Without lamenting ad infinitum or putting all too much blame on John Williams and his beloved harpsichord, it is this very instrument that is both a distinct marker of Henry Mancini's career in general and Combo! in particular. Whenever it appears, its texture-related quality and glowing timbre is seemingly out of place at worst or towering above even the blasting brass strata in its best moments. It is as if Henry Mancini implies "you better like the spacey-retrogressive duality of this instrument, or else," and so it happens that it reigns in otherwise perfectly common big band concoctions, in tropical marimba mountains and blissful beaches. In contrast to Music Of Hawaii whose late existence in 1966 is initially caused by the Hollywood epic of the same year, the harpsichord works better in such cocktail-suggesting environments of the modern era than in tandem with the return-to-paradise faux-Polynesian escapism. Heck, even the wonky audacity named A Powdered Wig is so far off (or out) that it is perfectly suitable for shocking a few innocent bystanders or guests at your party.

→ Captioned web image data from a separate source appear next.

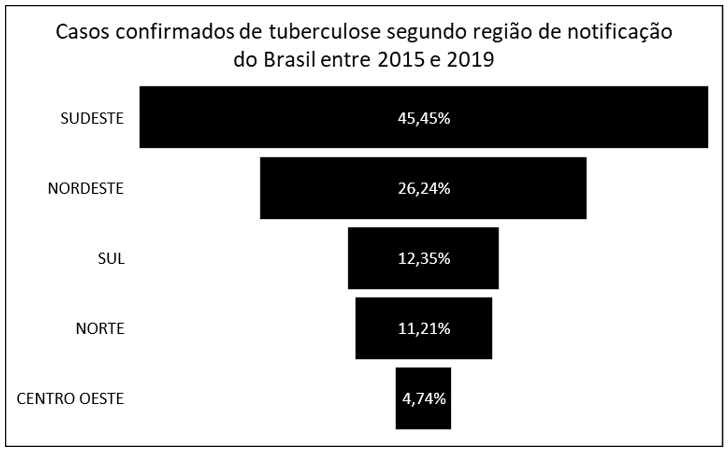 Neste gráfico podemos verificar a porcentagem de casos confirmados de tuberculose (TB) segundo a região do Brasil no quais foram notificados, entre os anos de 2015 e 2019.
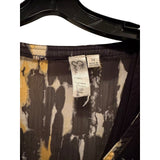Emma & Michelle Sheer Overlay Dress Size 14 Black Gold Blouson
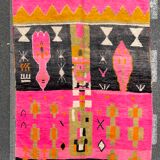 Large pink berber rug in wool boujad new 200x310 cm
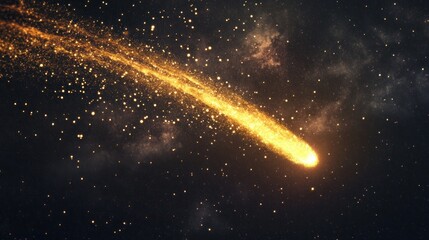 Obraz premium Cosmic Wonder: A Golden Comet Streaking Across the Night Sky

The sound quality is top-notch, the stereo effect offers a great plasticity, the manifold instruments and the prominent use of the marimba induce a certain Exotica feeling, but make no mistake, Combo! is much more Latin than Polynesian. Favorites include the interpretations of Tequila and Sidewalks Of Cuba. Combo! is, at the end of the day, a brass-focused travelog à la Bert Kaempfert's The Magic Music Of Far Away Places (1964), albeit much spacier, and a harpsichord heaven akin to Mike Simpson's Jungle Odyssey (1966), but without field recordings. It is one of Mancini's better harpsichord albums, regularly reissued and available on LP, CD and as a download version.